If your pooch resists regular dental cleanings, spread a little enzymatic doggie toothpaste onto a rope toy or chewy bone toy (or similar) and let it go to town.
Use a squeegee to remove dog hair from the carpet before vacuuming. It's more effective and keeps dog hair from clogging your vacuum's rollers. It also works in your car.
Wet a rubber or latex glove, and use it to pick up the dog hair left on upholstery.
Dog food is easier to dispense if you store it in a large plastic pitcher or cereal container with an airtight lid, like this one from Buddeez (SpaceSavers, $6)
If your fur baby has a habit of ripping apart stuffed animals, use a Hol-ee Roller Ball stuffed with a treat surrounded by scraps of fabric. Your dog will spend all day yanking out the fabric to get to the treat, and you can just re-stuff it for next time, and your only extra expense is dog treats.
Ticks are easier to remove if you dab them with a swab soaked in liquid dish soap. For fleas, mix one part each of Dawn and vinegar with four parts of warm water. Massage it in; let your dog sit in water for about five minutes. The fleas should float to the top of the water and die.
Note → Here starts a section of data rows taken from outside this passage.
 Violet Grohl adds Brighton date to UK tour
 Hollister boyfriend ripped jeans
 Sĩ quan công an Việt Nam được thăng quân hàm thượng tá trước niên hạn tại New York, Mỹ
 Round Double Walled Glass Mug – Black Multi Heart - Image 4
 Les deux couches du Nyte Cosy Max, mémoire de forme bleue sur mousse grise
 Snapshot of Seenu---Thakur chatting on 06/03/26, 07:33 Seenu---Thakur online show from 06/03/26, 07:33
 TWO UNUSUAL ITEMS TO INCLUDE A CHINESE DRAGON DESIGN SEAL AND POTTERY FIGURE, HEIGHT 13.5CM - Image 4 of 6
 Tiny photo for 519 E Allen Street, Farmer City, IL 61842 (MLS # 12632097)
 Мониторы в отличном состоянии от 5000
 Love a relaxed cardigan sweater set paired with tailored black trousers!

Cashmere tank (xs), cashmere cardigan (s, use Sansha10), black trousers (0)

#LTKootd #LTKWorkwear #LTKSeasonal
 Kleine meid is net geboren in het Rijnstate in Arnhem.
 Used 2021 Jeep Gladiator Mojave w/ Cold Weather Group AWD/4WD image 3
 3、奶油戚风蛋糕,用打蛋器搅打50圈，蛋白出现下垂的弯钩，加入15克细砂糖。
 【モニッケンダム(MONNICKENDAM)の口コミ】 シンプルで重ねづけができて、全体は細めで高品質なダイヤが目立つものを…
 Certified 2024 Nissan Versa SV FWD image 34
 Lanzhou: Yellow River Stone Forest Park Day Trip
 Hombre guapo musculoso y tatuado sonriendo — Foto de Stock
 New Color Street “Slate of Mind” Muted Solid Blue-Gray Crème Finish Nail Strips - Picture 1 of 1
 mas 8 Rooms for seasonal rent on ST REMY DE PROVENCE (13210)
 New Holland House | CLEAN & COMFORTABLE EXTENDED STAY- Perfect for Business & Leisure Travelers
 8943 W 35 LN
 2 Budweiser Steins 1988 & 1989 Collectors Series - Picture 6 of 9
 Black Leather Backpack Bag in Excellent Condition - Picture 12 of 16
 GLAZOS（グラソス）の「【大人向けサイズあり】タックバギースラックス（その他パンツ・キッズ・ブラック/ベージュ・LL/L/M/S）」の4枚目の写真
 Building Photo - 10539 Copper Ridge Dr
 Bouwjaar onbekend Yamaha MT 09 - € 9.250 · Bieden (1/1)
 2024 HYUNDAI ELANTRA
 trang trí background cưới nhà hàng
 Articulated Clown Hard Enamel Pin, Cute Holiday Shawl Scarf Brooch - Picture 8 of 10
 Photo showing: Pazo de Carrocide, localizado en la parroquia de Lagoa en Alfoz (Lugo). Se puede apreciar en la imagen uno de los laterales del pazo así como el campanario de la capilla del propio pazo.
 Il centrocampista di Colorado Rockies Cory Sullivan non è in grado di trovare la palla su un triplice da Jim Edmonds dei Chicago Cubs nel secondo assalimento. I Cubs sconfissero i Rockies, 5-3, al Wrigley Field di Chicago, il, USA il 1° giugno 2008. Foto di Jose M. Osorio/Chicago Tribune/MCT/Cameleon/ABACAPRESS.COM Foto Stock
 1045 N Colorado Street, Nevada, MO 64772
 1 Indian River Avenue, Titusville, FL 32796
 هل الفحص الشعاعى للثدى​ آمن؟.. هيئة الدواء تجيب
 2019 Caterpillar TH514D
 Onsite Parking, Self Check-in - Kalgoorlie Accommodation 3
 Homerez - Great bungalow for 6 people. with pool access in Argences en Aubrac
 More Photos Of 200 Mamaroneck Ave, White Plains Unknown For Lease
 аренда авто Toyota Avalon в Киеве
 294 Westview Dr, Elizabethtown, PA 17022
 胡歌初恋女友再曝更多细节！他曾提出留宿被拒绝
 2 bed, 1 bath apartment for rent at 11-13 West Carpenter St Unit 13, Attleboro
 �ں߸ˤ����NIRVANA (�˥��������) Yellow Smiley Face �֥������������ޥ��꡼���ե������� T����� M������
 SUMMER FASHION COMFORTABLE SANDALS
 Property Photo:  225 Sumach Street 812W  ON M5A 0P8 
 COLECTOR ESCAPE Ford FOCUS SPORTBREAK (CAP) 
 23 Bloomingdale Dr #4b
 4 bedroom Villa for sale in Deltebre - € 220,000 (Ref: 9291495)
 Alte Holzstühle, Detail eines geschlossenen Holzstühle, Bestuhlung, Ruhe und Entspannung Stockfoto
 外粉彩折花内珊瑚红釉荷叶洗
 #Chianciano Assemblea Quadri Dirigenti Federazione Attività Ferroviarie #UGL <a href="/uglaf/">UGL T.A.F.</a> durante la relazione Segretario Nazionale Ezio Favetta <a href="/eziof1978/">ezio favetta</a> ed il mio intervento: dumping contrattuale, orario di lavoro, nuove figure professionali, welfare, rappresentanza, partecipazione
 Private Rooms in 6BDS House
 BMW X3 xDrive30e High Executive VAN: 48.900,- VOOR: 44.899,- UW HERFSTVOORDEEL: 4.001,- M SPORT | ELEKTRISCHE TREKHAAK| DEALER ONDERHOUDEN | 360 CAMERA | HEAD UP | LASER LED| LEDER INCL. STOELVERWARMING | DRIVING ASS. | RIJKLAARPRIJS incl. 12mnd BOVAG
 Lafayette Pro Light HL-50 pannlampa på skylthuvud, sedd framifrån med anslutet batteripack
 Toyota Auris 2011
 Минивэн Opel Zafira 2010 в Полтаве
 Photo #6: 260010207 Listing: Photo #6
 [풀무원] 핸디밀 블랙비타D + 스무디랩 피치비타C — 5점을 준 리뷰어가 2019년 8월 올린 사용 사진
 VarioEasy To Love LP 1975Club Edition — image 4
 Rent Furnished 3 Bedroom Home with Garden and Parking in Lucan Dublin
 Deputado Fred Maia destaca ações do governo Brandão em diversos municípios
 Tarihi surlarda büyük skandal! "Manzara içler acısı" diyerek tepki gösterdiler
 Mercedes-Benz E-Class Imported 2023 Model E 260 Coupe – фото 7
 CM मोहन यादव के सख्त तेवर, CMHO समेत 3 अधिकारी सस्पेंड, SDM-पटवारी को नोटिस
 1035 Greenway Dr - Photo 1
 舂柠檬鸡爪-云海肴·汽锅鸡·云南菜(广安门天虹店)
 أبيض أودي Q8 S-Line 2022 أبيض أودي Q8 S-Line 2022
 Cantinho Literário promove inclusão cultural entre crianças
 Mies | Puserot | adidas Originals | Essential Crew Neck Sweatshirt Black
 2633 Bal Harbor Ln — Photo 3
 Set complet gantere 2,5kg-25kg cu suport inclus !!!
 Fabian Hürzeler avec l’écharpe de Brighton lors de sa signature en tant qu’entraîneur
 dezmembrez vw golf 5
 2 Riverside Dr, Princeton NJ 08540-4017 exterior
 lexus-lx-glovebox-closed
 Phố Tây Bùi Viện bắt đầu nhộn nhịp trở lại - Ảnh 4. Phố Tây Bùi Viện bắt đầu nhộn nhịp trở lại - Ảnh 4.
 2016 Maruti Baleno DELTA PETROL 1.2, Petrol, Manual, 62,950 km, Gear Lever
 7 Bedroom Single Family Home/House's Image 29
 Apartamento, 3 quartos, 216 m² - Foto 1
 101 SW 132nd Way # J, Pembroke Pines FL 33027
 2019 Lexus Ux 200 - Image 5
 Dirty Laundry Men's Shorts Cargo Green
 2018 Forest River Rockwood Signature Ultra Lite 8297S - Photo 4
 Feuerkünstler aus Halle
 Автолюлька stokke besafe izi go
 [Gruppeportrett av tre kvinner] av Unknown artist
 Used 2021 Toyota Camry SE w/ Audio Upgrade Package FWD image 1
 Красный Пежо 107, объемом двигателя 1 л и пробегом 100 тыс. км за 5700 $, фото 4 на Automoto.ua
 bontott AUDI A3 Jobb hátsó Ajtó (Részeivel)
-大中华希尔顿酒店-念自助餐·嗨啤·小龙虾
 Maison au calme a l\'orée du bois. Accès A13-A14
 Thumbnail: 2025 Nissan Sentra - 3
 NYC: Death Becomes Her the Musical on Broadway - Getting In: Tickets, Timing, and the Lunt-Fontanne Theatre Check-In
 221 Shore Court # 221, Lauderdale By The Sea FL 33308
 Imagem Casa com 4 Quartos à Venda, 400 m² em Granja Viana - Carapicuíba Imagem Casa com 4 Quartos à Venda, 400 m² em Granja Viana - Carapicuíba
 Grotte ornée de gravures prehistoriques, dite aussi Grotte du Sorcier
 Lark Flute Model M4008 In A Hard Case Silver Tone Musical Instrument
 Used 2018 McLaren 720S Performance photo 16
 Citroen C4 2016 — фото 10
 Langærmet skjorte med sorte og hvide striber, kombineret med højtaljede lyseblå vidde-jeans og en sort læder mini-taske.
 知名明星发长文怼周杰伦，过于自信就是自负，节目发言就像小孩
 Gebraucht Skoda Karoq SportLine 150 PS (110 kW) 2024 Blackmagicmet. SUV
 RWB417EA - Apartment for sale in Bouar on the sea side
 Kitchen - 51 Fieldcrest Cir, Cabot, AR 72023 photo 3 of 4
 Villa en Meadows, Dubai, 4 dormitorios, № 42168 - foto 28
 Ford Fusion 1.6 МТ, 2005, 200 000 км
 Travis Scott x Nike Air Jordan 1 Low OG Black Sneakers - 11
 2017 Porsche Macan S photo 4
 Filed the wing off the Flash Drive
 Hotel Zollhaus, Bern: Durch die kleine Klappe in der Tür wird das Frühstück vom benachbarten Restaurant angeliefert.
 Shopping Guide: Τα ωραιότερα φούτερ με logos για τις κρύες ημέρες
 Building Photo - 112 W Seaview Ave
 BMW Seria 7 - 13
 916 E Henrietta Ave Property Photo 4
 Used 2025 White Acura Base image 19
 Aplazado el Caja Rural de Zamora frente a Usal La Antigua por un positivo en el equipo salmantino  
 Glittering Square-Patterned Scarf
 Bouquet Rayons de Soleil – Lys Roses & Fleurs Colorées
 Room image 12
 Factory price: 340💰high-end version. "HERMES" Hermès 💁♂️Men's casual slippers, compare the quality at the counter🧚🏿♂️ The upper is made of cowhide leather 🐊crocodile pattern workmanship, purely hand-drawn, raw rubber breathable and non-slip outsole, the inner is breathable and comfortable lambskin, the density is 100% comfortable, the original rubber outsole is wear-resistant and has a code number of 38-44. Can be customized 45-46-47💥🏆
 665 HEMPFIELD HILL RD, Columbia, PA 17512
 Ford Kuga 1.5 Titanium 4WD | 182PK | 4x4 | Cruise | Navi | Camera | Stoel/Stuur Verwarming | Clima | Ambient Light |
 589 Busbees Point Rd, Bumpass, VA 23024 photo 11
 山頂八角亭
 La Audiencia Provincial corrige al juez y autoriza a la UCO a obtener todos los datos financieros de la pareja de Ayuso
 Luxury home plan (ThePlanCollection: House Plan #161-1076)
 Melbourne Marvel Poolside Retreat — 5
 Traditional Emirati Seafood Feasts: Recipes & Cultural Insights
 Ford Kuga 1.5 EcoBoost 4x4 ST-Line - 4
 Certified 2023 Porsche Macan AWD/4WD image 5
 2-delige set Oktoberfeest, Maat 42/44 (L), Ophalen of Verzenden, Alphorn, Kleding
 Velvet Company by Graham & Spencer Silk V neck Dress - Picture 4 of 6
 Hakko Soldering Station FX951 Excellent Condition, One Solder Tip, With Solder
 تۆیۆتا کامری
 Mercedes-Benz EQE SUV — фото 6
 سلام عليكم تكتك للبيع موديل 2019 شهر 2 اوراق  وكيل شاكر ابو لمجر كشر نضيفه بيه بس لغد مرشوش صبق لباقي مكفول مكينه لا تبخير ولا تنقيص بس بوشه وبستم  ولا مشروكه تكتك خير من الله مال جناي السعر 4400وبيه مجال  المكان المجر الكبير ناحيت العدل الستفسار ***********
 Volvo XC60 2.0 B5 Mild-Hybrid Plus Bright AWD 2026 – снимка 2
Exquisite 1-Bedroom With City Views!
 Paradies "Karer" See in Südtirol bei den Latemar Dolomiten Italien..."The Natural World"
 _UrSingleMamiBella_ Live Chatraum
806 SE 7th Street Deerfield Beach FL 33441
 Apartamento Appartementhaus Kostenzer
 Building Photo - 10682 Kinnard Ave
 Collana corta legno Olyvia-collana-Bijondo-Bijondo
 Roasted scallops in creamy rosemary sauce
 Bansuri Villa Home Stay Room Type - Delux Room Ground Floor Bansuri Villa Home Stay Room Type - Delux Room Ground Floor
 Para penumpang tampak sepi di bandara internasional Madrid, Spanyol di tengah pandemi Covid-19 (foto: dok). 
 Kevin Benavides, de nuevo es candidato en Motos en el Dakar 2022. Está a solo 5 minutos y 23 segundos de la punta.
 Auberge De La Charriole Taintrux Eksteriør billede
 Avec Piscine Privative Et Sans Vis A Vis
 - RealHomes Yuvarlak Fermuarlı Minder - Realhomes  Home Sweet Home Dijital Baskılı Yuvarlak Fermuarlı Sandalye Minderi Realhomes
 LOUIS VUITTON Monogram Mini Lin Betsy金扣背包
If your dog flips out during thunderstorms, the problem may be a negative reaction to the static buildup in its fur. Rub it down with a dryer sheet to see if that helps.
If your dog has failing teeth, mix a little chicken broth into its food and nuke it for 30 seconds. When your pooch is good, treat it to some homemade easy-to-chew treats.
Shower caddies aren't just for the shower. Hang one in the closet or garage, and you can store extra dog treats, care products and more in the shelves and hang leashes, harnesses and rain gear on the pegs. Depending on where you put it, you may need to be creative with installation, but try this InterDesign stainless steel model with deep, adjustable baskets. (Organize-It, $90)
If your dog's a water hound (pun intended), fill an inflatable pool with cool water on hot days and stock it with plenty of rubber duckies and other fun chew toys.
While you should always test DIY products in inconspicuous places first, we like this idea. Mix 1 cup of 3 percent hydrogen peroxide with 2 teaspoons of mild liquid dish soap. For urine stains, mop up the liquid before beginning. Sprinkle the area liberally with baking soda, and allow it to sit for a few minutes. Then use your liquid to scrub the baking soda into the fibers with a bristled brush. Let it dry, then vacuum it up.
If your dog's a scratcher or digger, it might enjoy playing with a homemade toy it's allowed to scratch all it wants (no yelling from Mama). Take a plank of wood and glue on some sandpaper of varying coarseness… at least two. Stand it upright if your dog prefers, and let it scratch away. Just like an emery board.
If you have one of those dogs that turns its nose up at vital medicine, trick it with a homemade pill pocket. Just mix peanut butter, milk and flour and roll it into balls, stabbing them with the blunt end of a chopstick to create the pockets. Store them in the fridge or freezer. I like to use crunchy peanut butter because my dog is less likely to detect the pill.
If you're worried your pup will get suspicious that it suffers certain side effects each time, you can just use them as regular treats sometimes, too.